More fuel to the fire:

P.S. I'm exceeding drunk at the moment, so forgive me if I don't actually make any valid arguments relating to the OP.

As I understand the Christian religion, it was, and is, a revelation. But how has it happened that millions of fables, tales, legends, have been blended with both Jewish and Christian revelation that have made them the most bloody religion that ever existed?
-- John Adams, letter to F.A. Van der Kamp, December 27, 1816

When philosophic reason is clear and certain by intuition or necessary induction, no subsequent revelation supported by prophecies or miracles can supersede it.
-- John Adams, from Rufus K. Noyes, Views of Religion

Indeed, Mr. Jefferson, what could be invented to debase the ancient Christianism which Greeks, Romans, Hebrews and Christian factions, above all the Catholics, have not fraudulently imposed upon the public? Miracles after miracles have rolled down in torrents.
-- John Adams, letter to Thomas Jefferson, December 3, 1813

Let the human mind loose. It must be loose. It will be loose. Superstition and dogmatism cannot confine it.
-- John Adams, letter to his son, John Quincy Adams, November 13, 1816


Lisa, if the Bible has taught us nothing else -- and it hasn't -- it's that girls should stick to girl's sports, such as hot oil wrestling and foxy boxing and such and such.
-- Homer Simpson

You know, the one with all the well-meaning rules that don't work in real life -- uh, Christianity.
-- Homer Simpson, telling what religion the family belongs to


I almost shudder at the thought of alluding to the most fatal example of the abuses of grief which the history of mankind has preserved -- the Cross. Consider what calamities that engine of grief has produced!
-- John Adams, letter to Thomas Jefferson, from George Seldes

The priesthood have, in all ancient nations, nearly monopolized learning.... And, even since the Reformation, when or where has existed a Protestant or dissenting sect who would tolerate A FREE INQUIRY? The blackest billingsgate, the most ungentlemanly insolence, the most yahooish brutality is patiently endured, countenanced, propagated, and applauded.
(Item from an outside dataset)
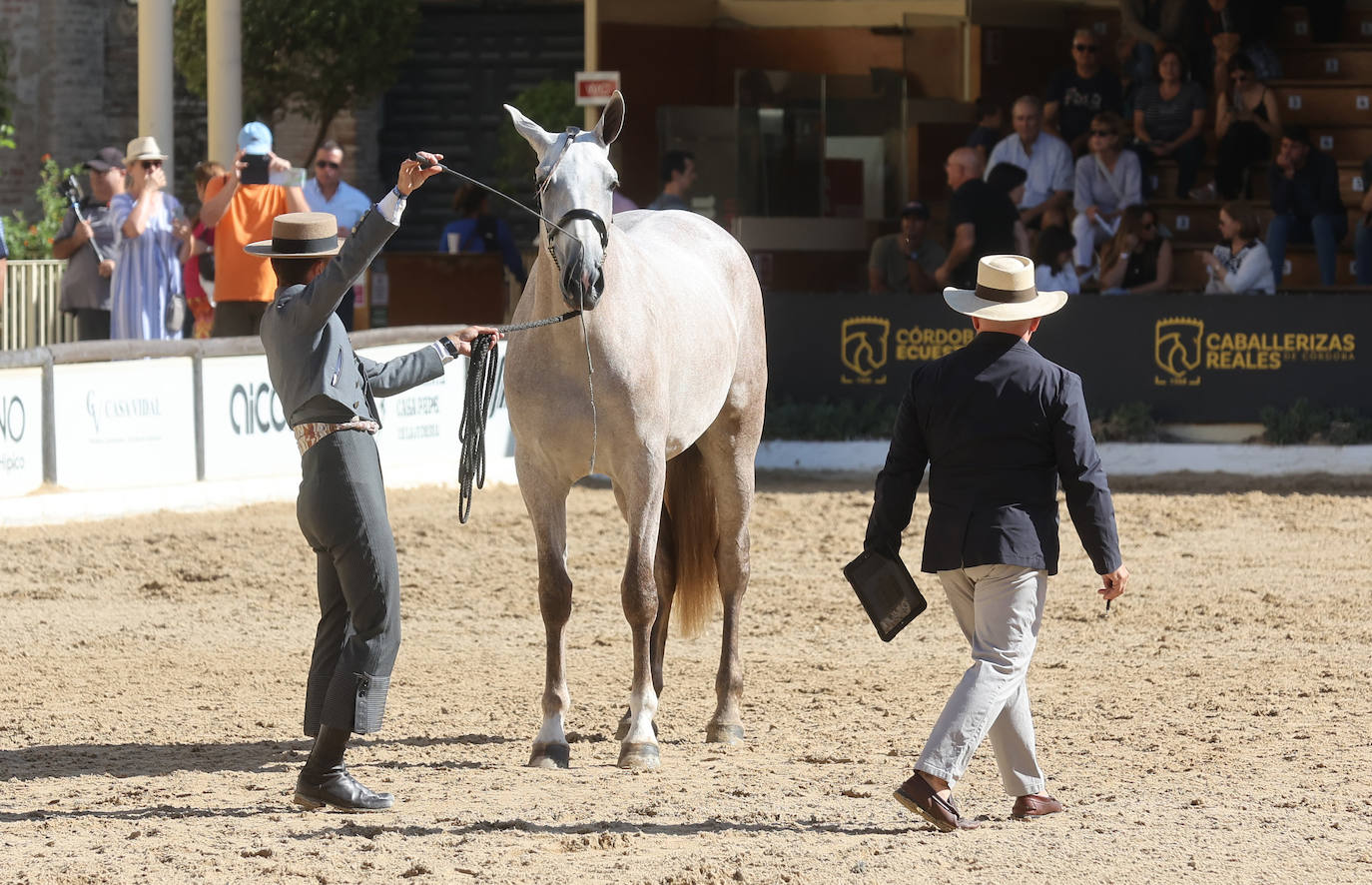 El Concurso Morfológico de caballos &#039;Ciudad de Córdoba&#039;, en imágenes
But touch a solemn truth in collision with a dogma of a sect, though capable of the clearest proof, and you will soon find you have disturbed a nest, and the hornets will swarm about your legs and hands, and fly into your face and eyes.
-- John Adams, letter to John Taylor, 1814, quoted in Norman Cousins, In God We Trust: The Religious Beliefs and Ideas of the American Founding Fathers (1958)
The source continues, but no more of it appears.